The International Mobile Equipment Identity, or IMEI, is a special number that is tied to every unique mobile phone. It is used whenever the phone is registered on a mobile network. It can also be used to blacklist a phone off of the network, which happens, for example, when it is reported as stolen. Blacklisting keeps phones off the network even if the SIM card or telephone number changes. For it to be effective for these purposes, the IMEI needs to be immutable, which it generally is: the IMEI is implemented in hardware. In fact, in the UK, the Mobile Telephone Reprogramming Act makes it illegal to change the IMEI or even to possess equipment to do it! That means that there’s a legal process to change your name, but not your phone’s IMEI. As a side effect of this, the IMEI can be used as a persistent identifier for tracking purposes.
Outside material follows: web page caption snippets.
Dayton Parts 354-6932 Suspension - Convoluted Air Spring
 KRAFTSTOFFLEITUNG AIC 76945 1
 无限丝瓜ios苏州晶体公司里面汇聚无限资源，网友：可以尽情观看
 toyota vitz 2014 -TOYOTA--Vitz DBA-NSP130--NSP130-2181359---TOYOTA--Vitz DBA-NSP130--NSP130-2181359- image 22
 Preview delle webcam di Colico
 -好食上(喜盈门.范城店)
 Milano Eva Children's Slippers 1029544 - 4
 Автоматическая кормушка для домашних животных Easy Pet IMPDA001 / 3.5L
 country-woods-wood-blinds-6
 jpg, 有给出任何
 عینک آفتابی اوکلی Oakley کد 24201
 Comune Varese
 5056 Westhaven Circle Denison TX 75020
Android’s IMEI Protections
Android recognizes the importance of protecting the IMEI. In order for apps to access it, they must be granted the READ_PHONE_STATE permission (see figure above); only apps with that permission are allowed to access the IMEI. The problem is that this permission is a bit vague, and has a wide variety of other uses: the READ_PHONE_STATE permission not only gives full details about the phone numbers, cellular network connections, and of course the IMEI, but also things like what phone number is calling you or you are calling. Surprisingly, a large proportion of apps request access to it (though don’t necessarily transmit it): as of this year, 22,708 of 92,326 unique apps (i.e., nearly a quarter of all apps that we’ve tested…which is staggering).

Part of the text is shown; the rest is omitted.